言霊・発声~気合について

021言葉には魂が宿るという考えが日本には古くからあり、発声した言葉はその事象を表すとされる。言葉とは必ずしも心のままを表現するとは限らない。しかし発声してしまった言葉は心とは裏腹にその通りの事象を成すと考えられている。

ならば心はどうあれ、良き言葉を遣おうと思うやもしれぬ。たしかにそうであるが、言霊にはその奥がある。心のままの言葉と、裏腹の言葉では表に現れる事象は同じに見えるが、発する前の秘めた身体内では全く違う働きを練っている。武術で発される気合。これはただ大きな声を相手にぶつけるために在るものではない。裏腹に放たれた言霊ではそうかも知れぬが、心から練られた言霊が発する気合は、相手とつながり、自分をもう一つの力に導く役目を担うのである。

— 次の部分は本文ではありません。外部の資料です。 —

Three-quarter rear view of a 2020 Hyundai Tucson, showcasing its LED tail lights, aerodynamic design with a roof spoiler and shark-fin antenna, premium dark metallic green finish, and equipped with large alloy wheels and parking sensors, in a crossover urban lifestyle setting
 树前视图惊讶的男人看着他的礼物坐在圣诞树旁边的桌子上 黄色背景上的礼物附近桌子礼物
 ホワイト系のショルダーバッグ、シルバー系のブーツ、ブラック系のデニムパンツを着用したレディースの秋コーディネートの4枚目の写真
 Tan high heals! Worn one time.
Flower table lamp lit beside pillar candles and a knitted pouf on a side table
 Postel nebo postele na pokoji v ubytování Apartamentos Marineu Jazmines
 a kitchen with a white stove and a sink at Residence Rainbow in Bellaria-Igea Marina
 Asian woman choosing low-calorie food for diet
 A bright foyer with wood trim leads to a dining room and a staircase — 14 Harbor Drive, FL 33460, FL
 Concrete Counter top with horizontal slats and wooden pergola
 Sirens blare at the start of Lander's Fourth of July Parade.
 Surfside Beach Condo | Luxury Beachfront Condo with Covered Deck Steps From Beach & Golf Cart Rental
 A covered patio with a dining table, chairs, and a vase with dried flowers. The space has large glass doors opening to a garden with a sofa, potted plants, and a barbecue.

これは不立文字に近い感覚であるが、体験体感してくるとその意味が感覚として分かってくる。

そして言霊はその場を清める役目を持つ。音そのものにもそういう働きがある。神道でかしわ手を打つのはそういう意味を持つ。

また刀を扱うという特殊な学びに於いて、場とはとても重要であり、浄化されている必要がある。そのためにも当会では稽古前に言霊を重要に考えており発声を練り、気合いに繋がるようその修練をする。

言霊・発声を修練することにより、心の内の滞りを溶かし、浄化された身心となってその場と一体となり稽古に臨んでいる。